The study's origins date back to 2018 when a group of Linköping University researchers became the first to construct complementary and printable organic electrochemical circuits. In other words, both n-type and p-type polymers conduct negative and positive charges, respectively. Printed complementary organic electrochemical transistors were made available as a result of this.

The organic transistors were then optimized by the researchers so that they could be made in printing presses on thin plastic foil. The researchers stated that thousands of transistors can be produced on a single plastic substrate.

The scientists employed printed transistors to emulate the neurons and synapses of the biological system in collaboration with researchers from Lund and Gothenburg, according to the study published in Nature Communications.

"For the first time, we’re using the transistor’s ability to switch based on ion concentration to modulate the spiking frequency," said Padinhare Cholakkal Harikesh, post-doctoral researcher at the Laboratory of Organic Electronics, who take part in the study.

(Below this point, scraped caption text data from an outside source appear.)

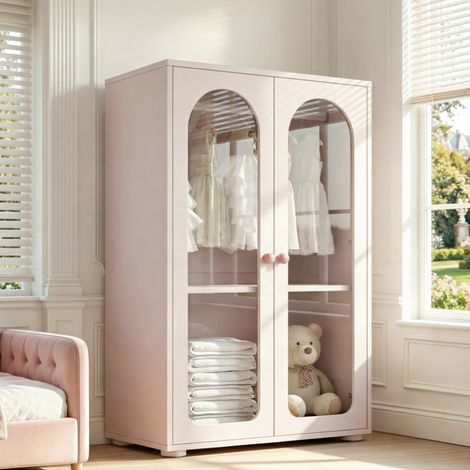 Armoire rose bébé 2 portes avec penderie, portes transparentes et étagères réglables, 80x50x120 cm (1/5)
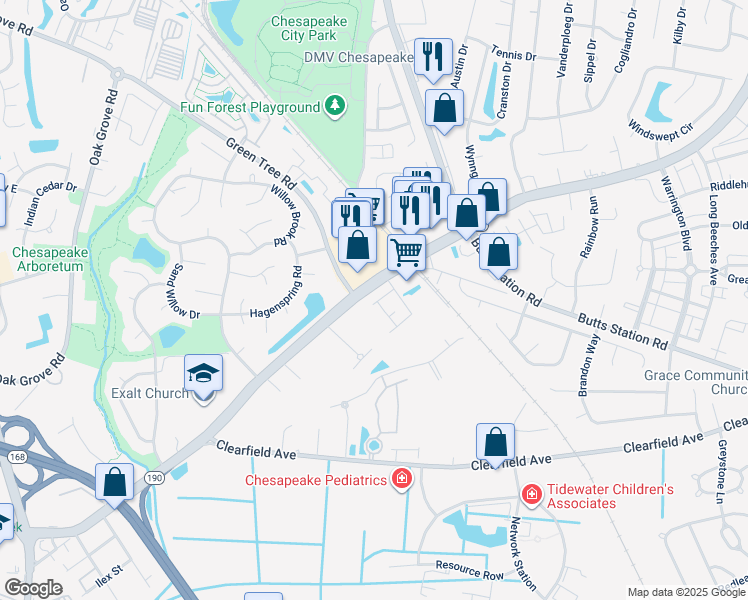 map of restaurants, bars, coffee shops, grocery stores, and more near 404 Autumn Green Lane in Chesapeake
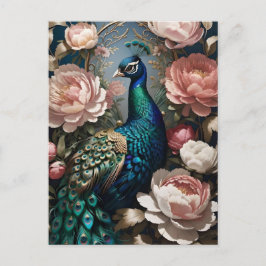 Elegant Peacock Rosa Peonies Vykort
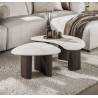 Kavos staliukų komplektas CERAMO 54x65/44x88 rudas/smėlio (2vnt.)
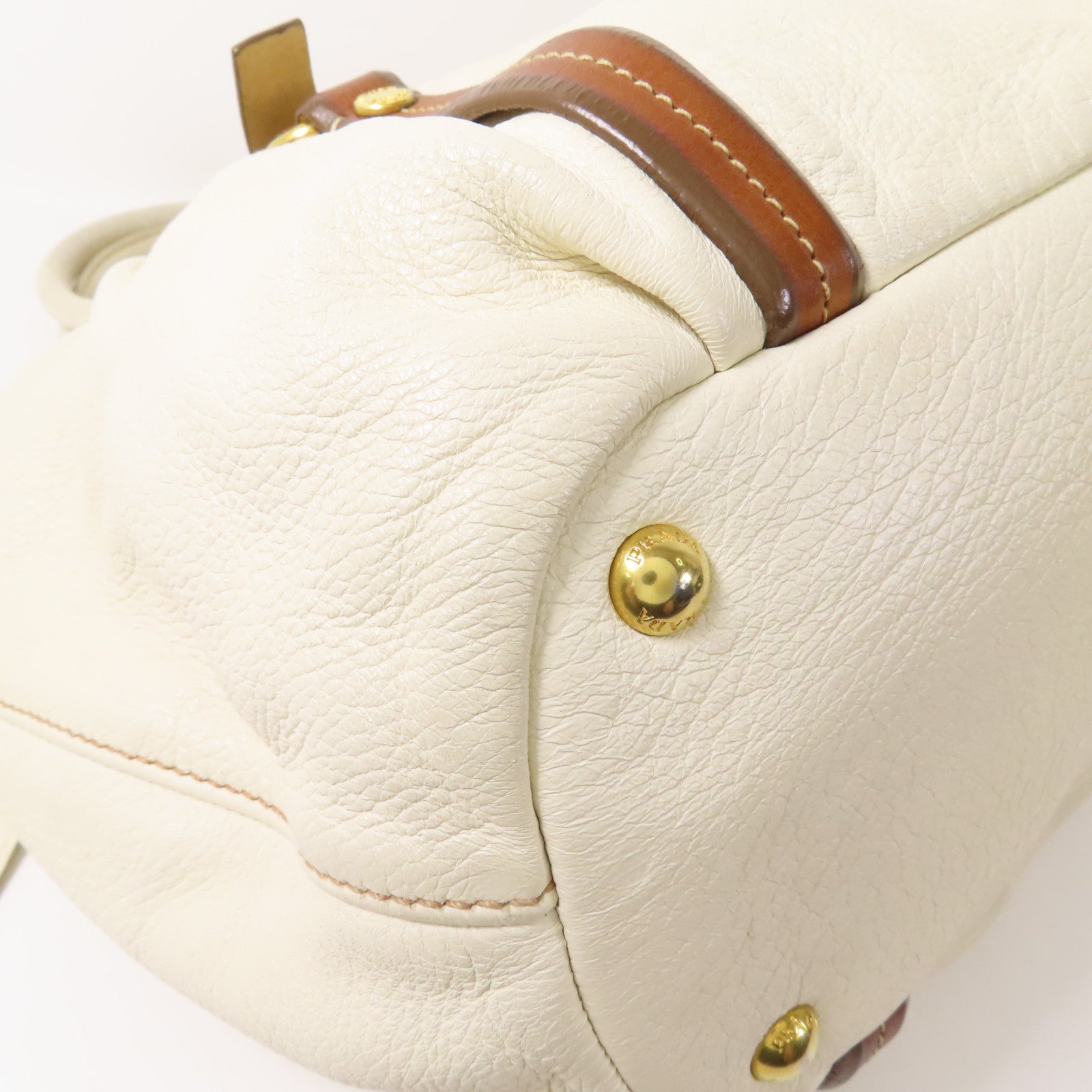 PRADA GHW 2way Shoulder Bag Calfskin Leather White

From prostheses to soft robotics

The signal that drives the biological system to react is provided by the spiking frequency. During the study, the researchers also discovered that the neuron-synapse link exhibits a learning behavior known as Hebbian learning. It was seen that the synapse stores information, which increases the effectiveness of signaling.

"We’ve developed ion-based neurons, similar to our own, that can be connected to biological systems. Organic semiconductors have numerous advantages – they’re biocompatible, biodegradable, soft and formable. They only require low voltage to operate, which is completely harmless to both plants and vertebrates", explained Chi-Yuan Yang, post-doctoral researcher at the Laboratory of Organic Electronics.

The researchers hope that artificial nerve cells can be employed for sensitive human prostheses, implantable systems for neurological disease relief, and soft intelligent robotics.